If you give everybody some money, then a couple things are going to happen. One is that wages for certain types of activities are going to rise automatically because many people are going to say, “well, I’m not willing to flip burgers for $7.50 an hour.” That means we don’t need to put a minimum price floor on labor, which is a problematic thing because minimum wages close some people out of activities that they might actually want to do.

We’ve sensed at some level that certain prices that are currently market-clearing are almost exploitative. Our current solution is for the government to fix the price of labor, which is a bad idea, because it leads to all sorts of misallocation of resources. And in any case that only helps people who have a job to begin with, so it doesn’t do anything for people who don’t have a job.

The question is, how do you reconstitute a world where people may work one job, or maybe they’ll work many jobs — maybe they’ll work as a graphic designer, and run some errands for other people, and walk dogs, and make their bedrooms available, whatever.

The way to do that is not to regulate each and every one of those activities, but rather to make sure that people have a certain reservation price for their own time. The way to give people a reservation price for their time is to just give them some money.

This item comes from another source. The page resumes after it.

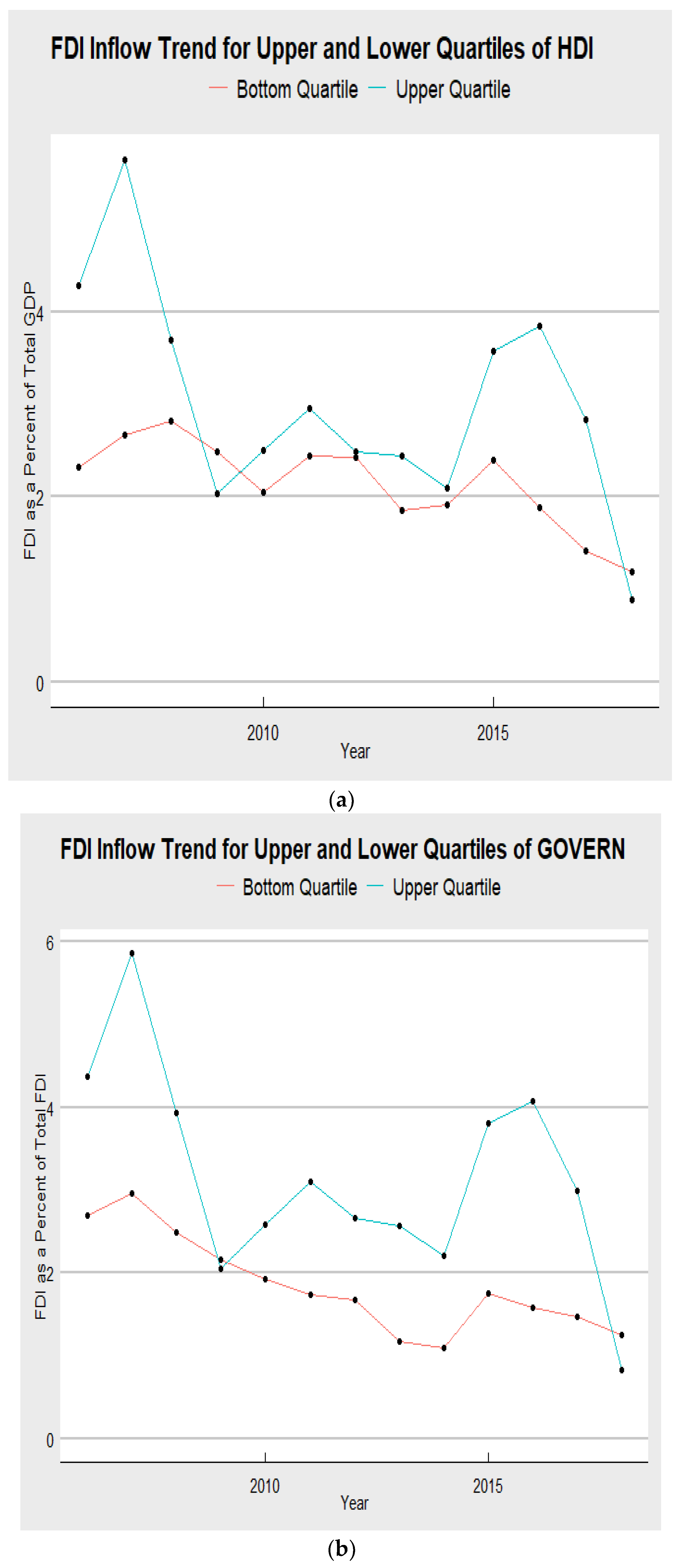 Energies 14 06039 g005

JB: How should incumbents address the rise of these new platforms? Develop their own platforms to compete with them, or emphasize their traditional organizational advantages?

AW: My prediction is very simple: incumbents will have platform envy. They’ll try it, they’ll fail, and they’ll eventually be forced to focus on the parts of the business they’re actually good at.

You can’t use Airbnb to bring a thousand people into Times Square for a conference, for instance. And hotels may do perfectly well because consumers may actually want a hotel room.

We’re growing the set of things that are possible, and in many cases, growing the total pie of activity. Yes, there will be some relocation at the edges, but a lot of it will be new activities or reconstituted activities. The fundamental challenge of our time is to figure out this transition from one economic model to a new one.